Me he venido hasta Cádiz para escurrirme al sol y pintar una luna en mi ventana. Como una sopa azul y deslumbrante, se riza y se desliza, juega el mar en su plato. Aún hay restos de brumas y bengalas en la ceja enarcada del paseo, y al fondo, muy al fondo, entre las comisuras de la brisa, se fruncen las casitas de colores, la cúpula dorada, y se alza una ciudad tan tierna y viva, que casi es una luz, de puro blanca. Se da cita en la playa la espuma de las olas. Es un oro fundido la marina, y una vela le sirve al horizonte mi corazón en una cartulina.
En la Plaza de España, la libertad recuerda que tuvo aquí su cuna, su musgo, su cimiento. Nombres que fueron hombres. A tres pasos del cielo y a dos de la Alameda, siguen ellos, hoy mármol, librando su batalla. Muy pronto hará dos siglos de aquel “viva la Pepa” que pudo haber cambiado el color de las rosas y salvado a esta patria de tantos laberintos. Con sus dulces jardines tropicales, su adusto baluarte, su arquitectura estrecha y rumorosa donde ya tiene calle Antonio Burgos, y plaza la verdad y el mentidero, Cádiz es una taza que rebosa.

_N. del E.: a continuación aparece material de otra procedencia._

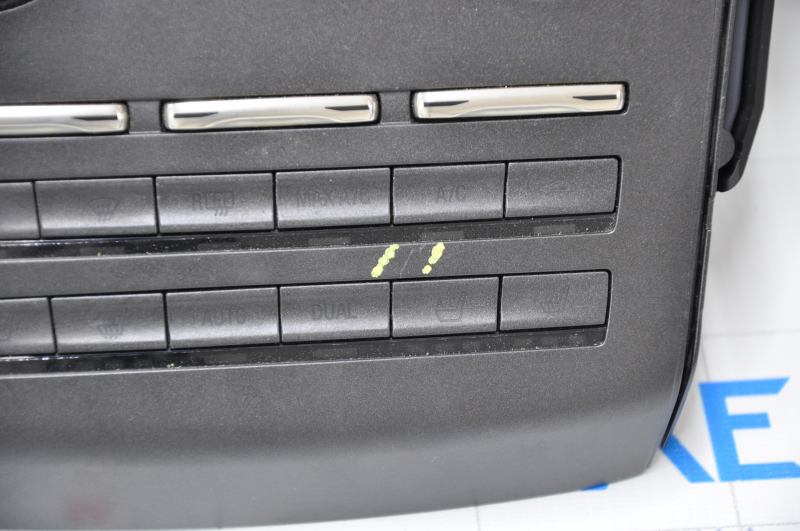 Lincoln MKC 15- Climate Monitor Control Panel with Auto Parking, Scratches on Trim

Ya le he dicho al Vitorio que estoy enamorada de esta ciudad lejana, suspendida de un puente. Ya le he dicho a mi voz que no se muera lejos de esta vibrante caracola. Que yo quiero quebrarme como, bajo el levante, las palmeras, y ponerme color de caramelo, y ver cómo se mecen, sobre un mástil erguido, las gaviotas, y enjuagarme los ojos, que los tengo cansados, en el agua de Cádiz, y en su boca. Si mi alma fuera libre como el cuplé del viento, yo sé que se vendría desde cualquier orilla del planeta a bañarse desnuda en la Caleta y a cruzar sin retorno la Bahía.